··· AVAILABLE RECORDS ···
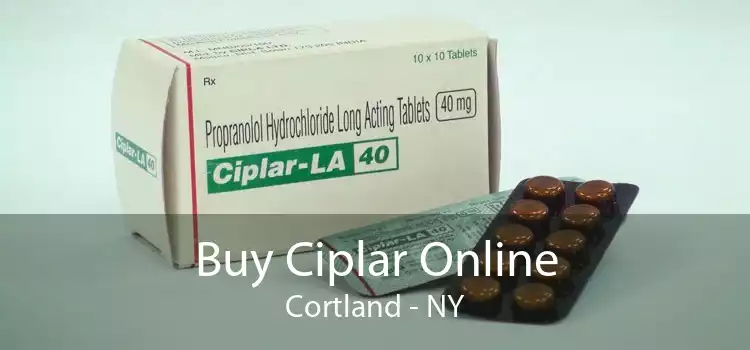 Buy Ciplar Online Cortland - NY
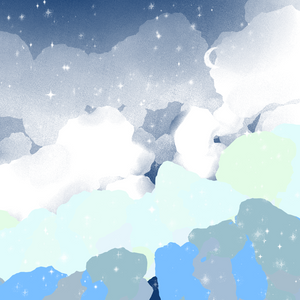 Cloud World project preview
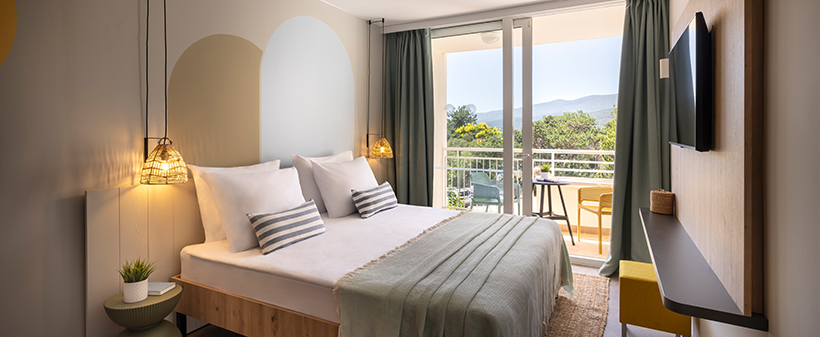 Sunny Rabac by Valamar*** Rabac, morski oddih - Kuponko.si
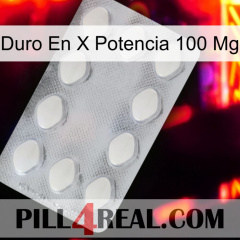 Hard On X Power 100 Mg 16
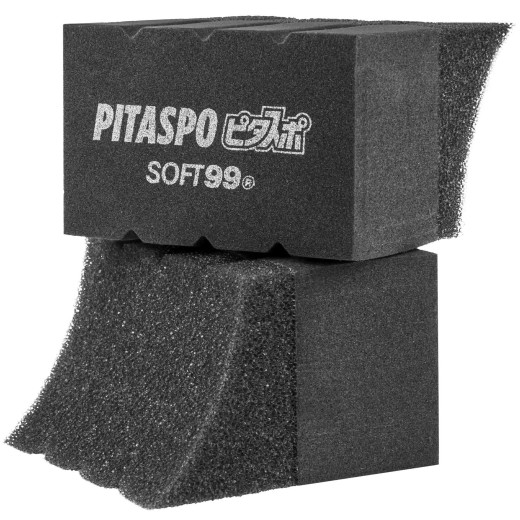 Soft99 Pitasupo Tire Dressing Sponge gumiabroncs applikátor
···
The records above should be written out exactly, and the images dropped.

• SOLUTION BELOW:
 Buy Ciplar Online Cortland - NY
 Cloud World project preview
 Sunny Rabac by Valamar*** Rabac, morski oddih - Kuponko.si
 Hard On X Power 100 Mg 16
 Soft99 Pitasupo Tire Dressing Sponge gumiabroncs applikátor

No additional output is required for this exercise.